Names considered for Keystone dock and ferry

A business group is hoping a new name for a ferry terminal will help tourists visiting Whidbey Island.

The Central Whidbey Chamber of Commerce submitted a proposal this week to the Washington State Transportation Commission to change the name of the Keystone ferry dock to the Coupeville ferry dock.

“We thought it was logical,” said Lynda Eccles, executive director of the Central Whidbey Chamber of Commerce.

She said that when people use “Keystone” to research Whidbey Island on the Internet, it yields too little information. Even though the terminal is located several miles west of town limits, the terminal still falls within Coupeville’s zip code and the town’s name will provide more recognition for people.

“Once they reach Coupeville, they would have all of Whidbey Island to enjoy,” Eccles said.

Chamber members have been busy gathering support for the name change in recent weeks. She submitted letters of support from chambers in Freeland and Oak Harbor; the cities of Langley, Coupeville and Oak Harbor; the Board of Island County Commissioners; Ebey’s Landing National Historical Reserve; and the Coupeville Festival Association. She added state representatives Barbara Bailey and Norma Smith and state Sen. Mary Margaret Haugen support the change.

Reema Griffith, executive director for the Washington State Transportation Commission, said she’s heard about the effort to change the name of the Keystone terminal, but no paperwork has been submitted yet.

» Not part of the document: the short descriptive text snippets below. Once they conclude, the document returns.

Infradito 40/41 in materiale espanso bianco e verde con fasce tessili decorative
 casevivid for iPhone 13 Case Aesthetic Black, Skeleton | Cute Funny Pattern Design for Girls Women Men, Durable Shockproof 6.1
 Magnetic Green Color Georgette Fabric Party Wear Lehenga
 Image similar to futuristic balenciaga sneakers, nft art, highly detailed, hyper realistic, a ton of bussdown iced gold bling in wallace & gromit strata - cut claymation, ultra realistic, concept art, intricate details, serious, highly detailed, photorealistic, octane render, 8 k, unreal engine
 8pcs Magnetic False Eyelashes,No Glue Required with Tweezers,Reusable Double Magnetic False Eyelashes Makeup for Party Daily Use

Once the paperwork is submitted, the commission could consider the proposal as early as its mid-July meeting.

Eccles said it’s a perfect time to change the name of the ferry terminal considering the 64-car Chetzemoka, Washington State Ferries newest vessel, is set to start serving the Port Townsend-to-Keystone ferry route in late August. It will be the first time in nearly three years that a permanent ferry will operate on the route.

The name of the Central Whidbey terminal isn’t the only moniker the Transportation Commission could consider in July.

The Greenbank-based Orca Network proposed to name the second 64-car ferry the “Tokitae.” The name is one of five finalists under consideration by the Transportation Commission. Tokitae is a Coast Salish greeting meaning “Nice day, pretty colors.” It’s also the original name of Lolita, an orca captured in Penn Cove 40 years ago that is currently performing in a Miami sea park.

The other names under consideration are as follows:

• Salish, which refers to the Coast Salish people of the Pacific Northwest and the geographical name of the inland sea comprising the Puget Sound, Juan de Fuca Strait and the Strait of Georgia.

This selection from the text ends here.